Activity
Retype all the entries word for word, but omit the pictures.
(Data in this exercise begins)
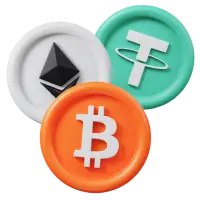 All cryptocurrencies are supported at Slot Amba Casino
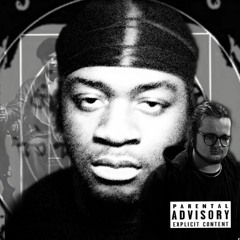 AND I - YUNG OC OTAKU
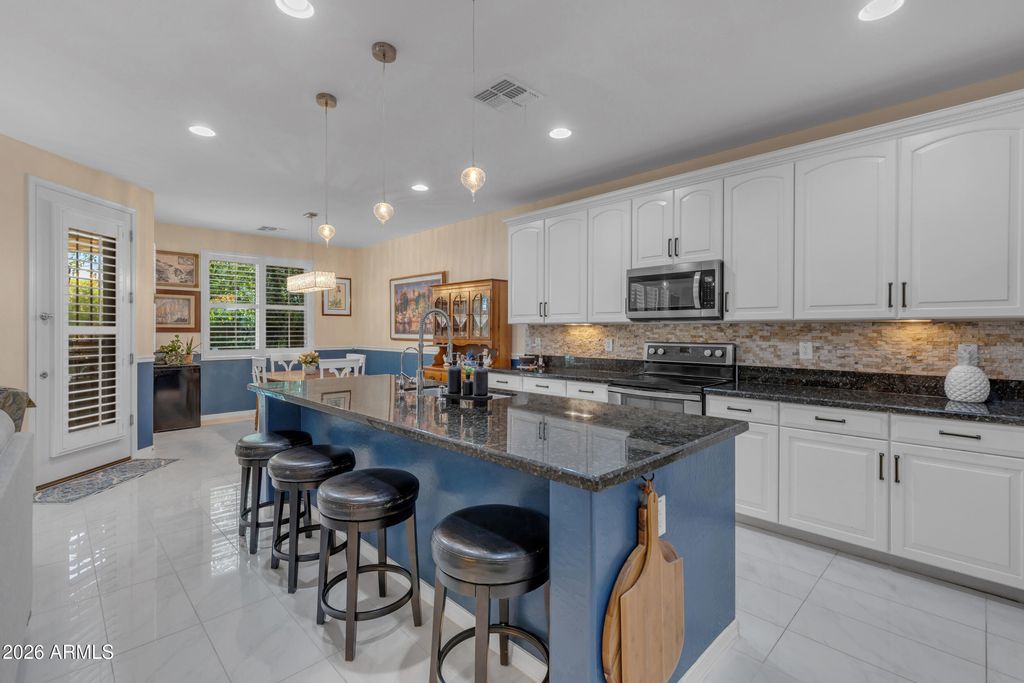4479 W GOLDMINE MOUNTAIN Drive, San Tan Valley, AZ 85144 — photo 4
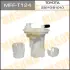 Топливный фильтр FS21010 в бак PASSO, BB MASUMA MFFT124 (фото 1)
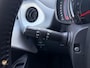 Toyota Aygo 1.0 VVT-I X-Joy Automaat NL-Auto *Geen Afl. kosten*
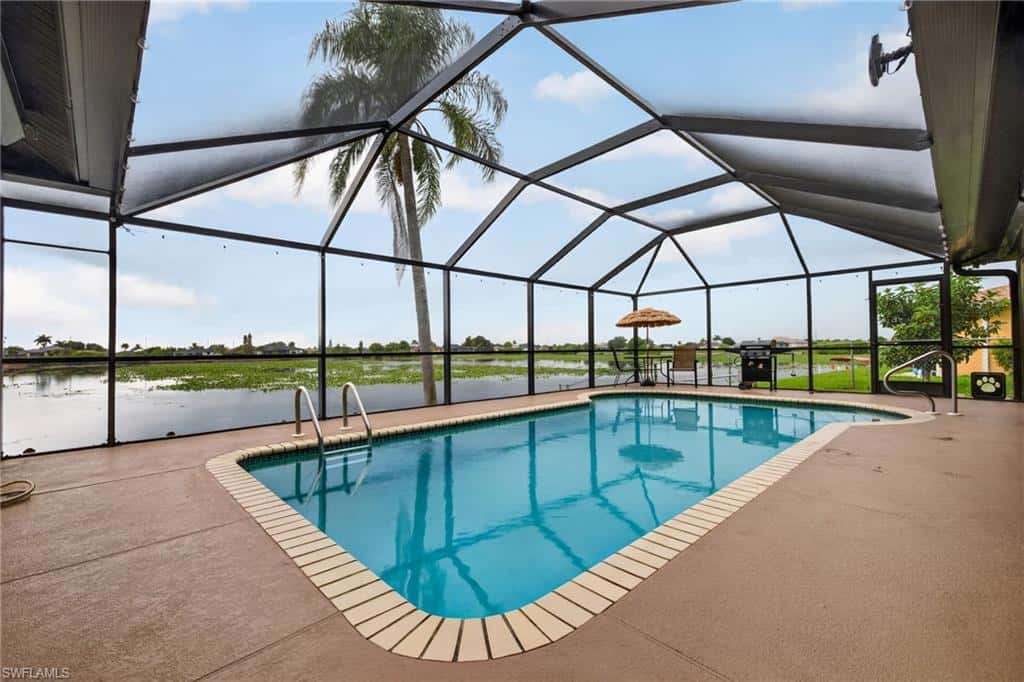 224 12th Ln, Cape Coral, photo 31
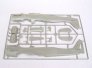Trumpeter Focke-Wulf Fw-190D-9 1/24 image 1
(Data in this exercise ends)
Response box
 All cryptocurrencies are supported at Slot Amba Casino
 AND I - YUNG OC OTAKU
4479 W GOLDMINE MOUNTAIN Drive, San Tan Valley, AZ 85144 — photo 4
 Топливный фильтр FS21010 в бак PASSO, BB MASUMA MFFT124 (фото 1)
 Toyota Aygo 1.0 VVT-I X-Joy Automaat NL-Auto *Geen Afl. kosten*
 224 12th Ln, Cape Coral, photo 31
Trumpeter Focke-Wulf Fw-190D-9 1/24 image 1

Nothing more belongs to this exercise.